The first USB-C iPhone isn’t made by Apple

At some point in the future, Apple’s iPhone may be dragged, kicking and screaming, into joining the rest of the world in using USB-C for charging by changes in the law. But while legislators carry on moving at their glacial pace, one enterprising young student has shown Apple that the whole process needn’t be that painful.

Robotics engineering student Ken Pillonel has given a merifully out-of-warranty iPhone X the ultimate upgrade: a USB-C port that can be used for both charging and data transfer.

The exact ‘hows’ aren’t actually answered in the video, and if your question is actually of the ‘why’ variety then you’re probably on the wrong YouTube channel. But judging by the preview of a full explainer video that Pillonel is currently editing, it looks like only the most dedicated and steady handed need apply.

What we can assume, judging from an earlier blog post outlining Pillonel’s planned steps, is that the process involved reverse engineering Apple’s custom C94 connector and creating a flexible PCB design which somehow fits inside the iPhone’s meticulously lined up internals. Which is no mean feat considering how bulky an early prototype looked — suffice it to say, said early design wouldn’t fit inside a Nokia 3310, let alone a 2010s smartphone. 

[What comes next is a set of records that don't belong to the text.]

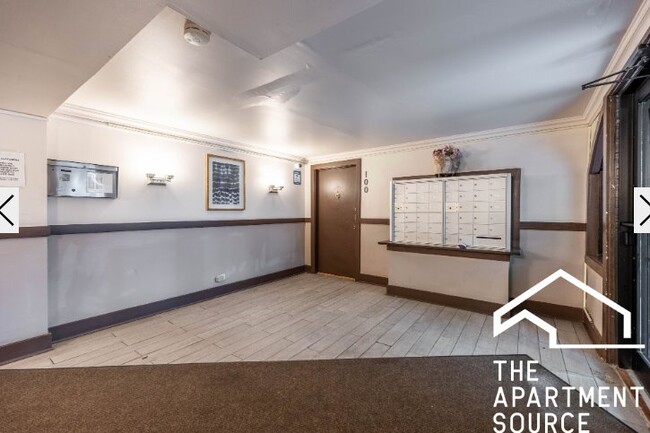 Photo - 1347 N Dearborn St Unit 3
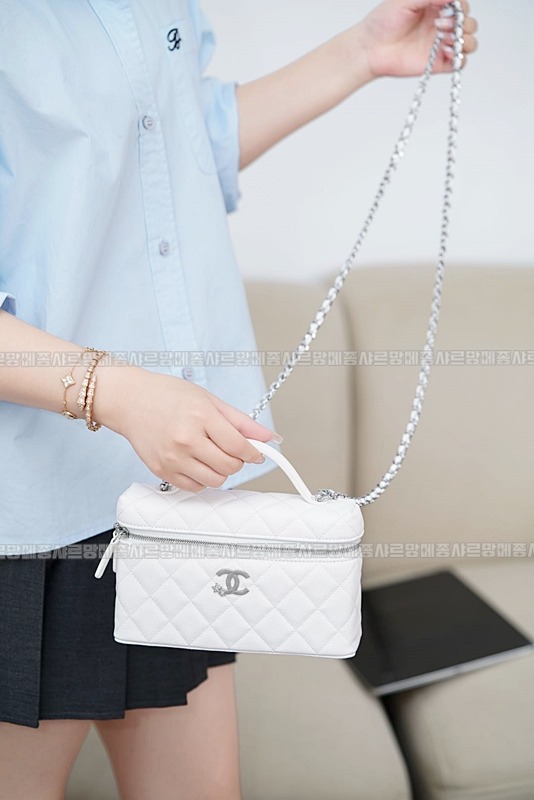 샤넬23B체인코스메틱케이스 20260210-154924-001루.jpg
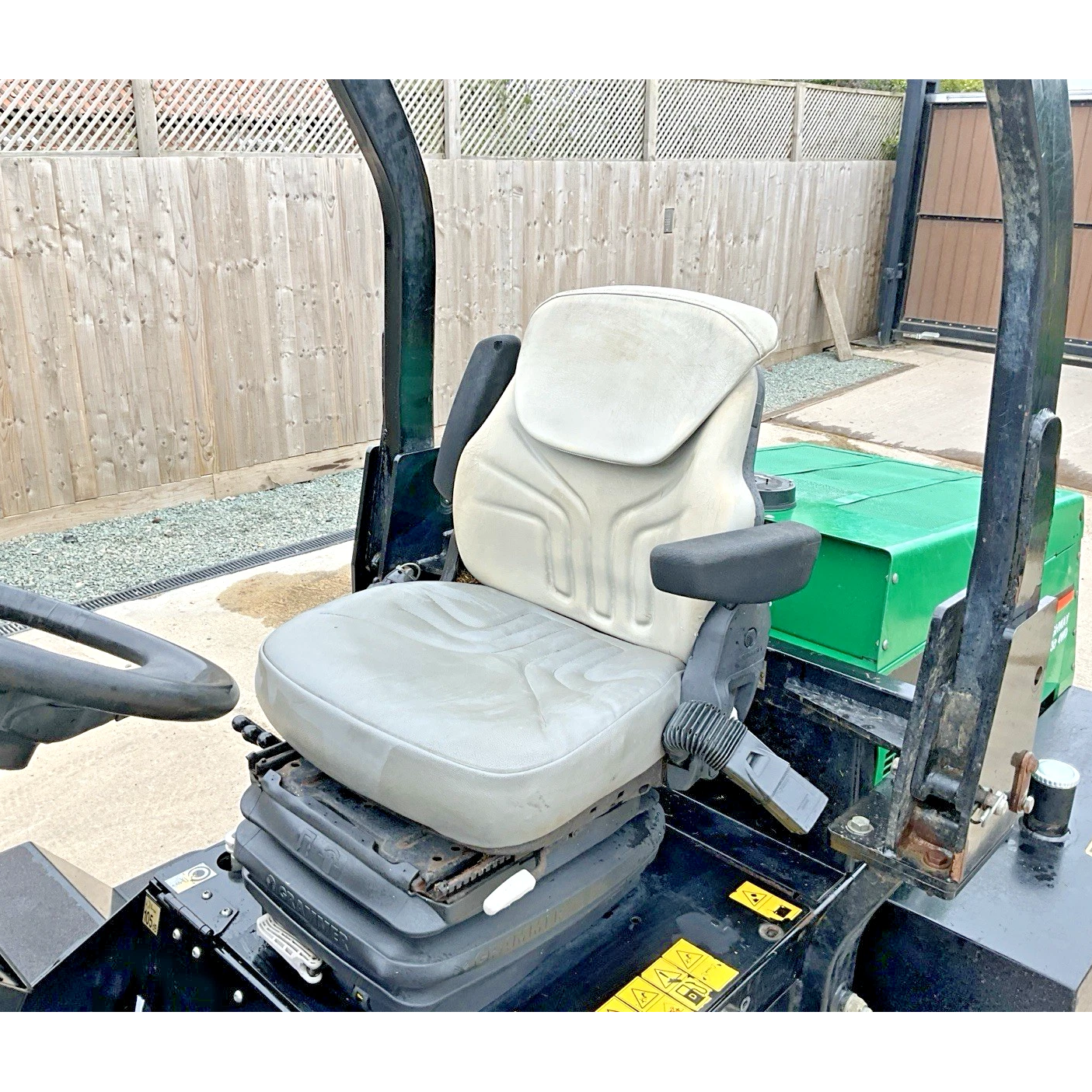 2006 RANSOMES HIGHWAY 2130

It’s likely to be an extremely fiddly process, in other words. And considering Pillonel is in the process of working on a master’s degree in robotics at the Swiss Federal Institute of Technology, EPFL, it could be well beyond the capability of regular mortals without the right tools. You probably don’t want to attempt it with an electric drill and a tube of Uhu glue.

If you do attempt it and it goes horribly wrong, don’t even think about going running to Apple for help. Because they most certainly won’t — unless by “help” you mean sell you an iPhone 13 instead.